_WHAT YOU ARE ASKED TO DO_.
Copy every entry in the listing below exactly, but not the pictures.

'''

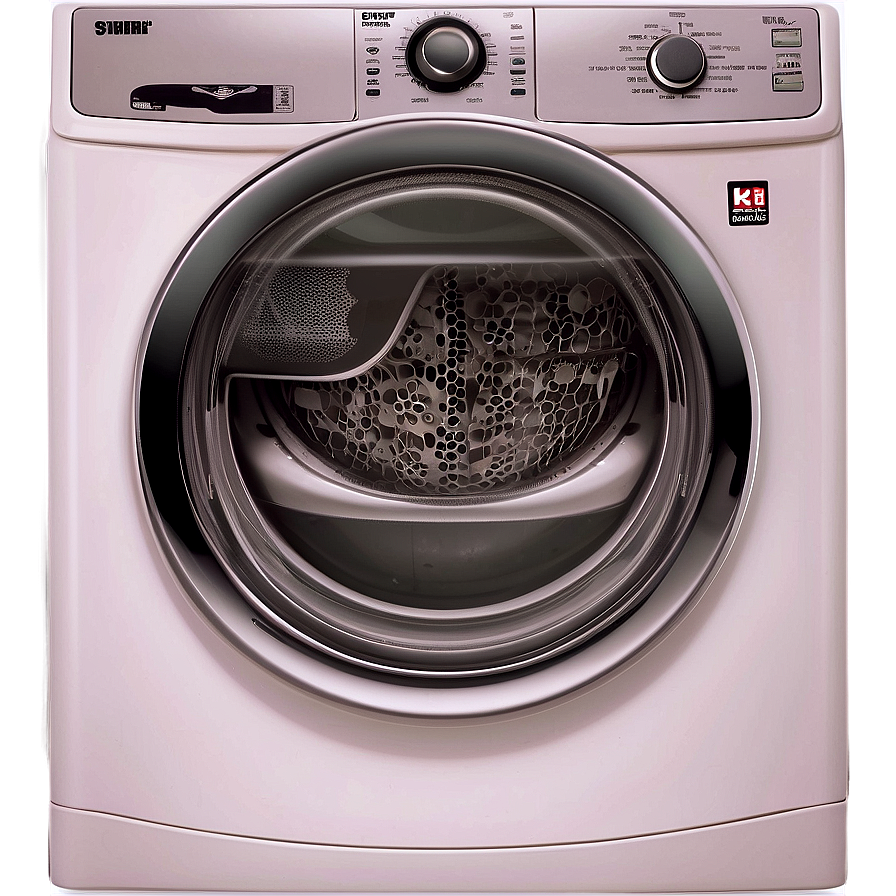 Space Saving Dryer Png 65 PNG image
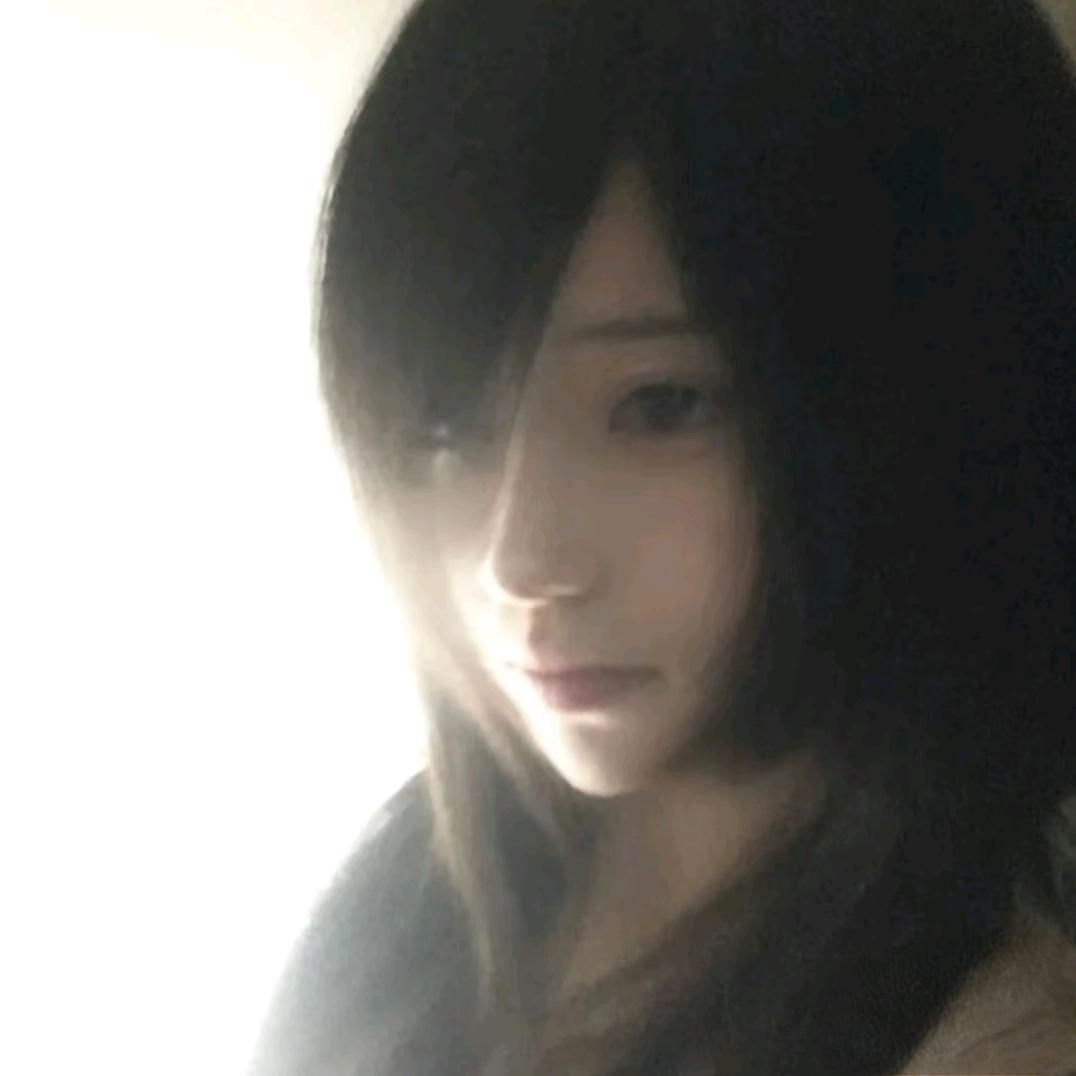 霧
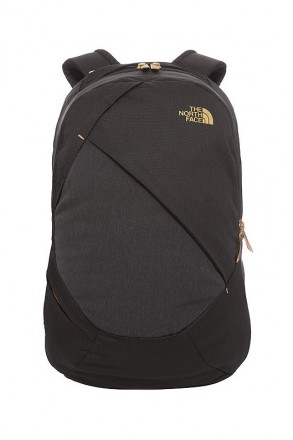 The North Face Isabella - стильный городской рюкзак разработан специально для же. . фото 2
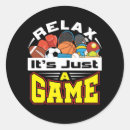 Pesquisar por educação física adesivos Professor de campanha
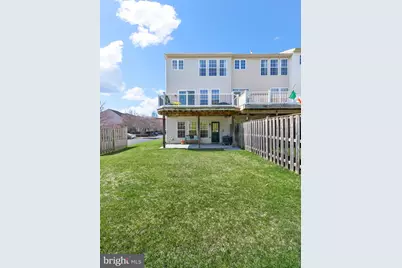 10832 Dewey Way E, New Market, MD 21774 - Photo 40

'''

_RESPONSE FOR THIS EXERCISE_.
 Space Saving Dryer Png 65 PNG image
 霧
 The North Face Isabella - стильный городской рюкзак разработан специально для же. . фото 2
 Pesquisar por educação física adesivos Professor de campanha
 10832 Dewey Way E, New Market, MD 21774 - Photo 40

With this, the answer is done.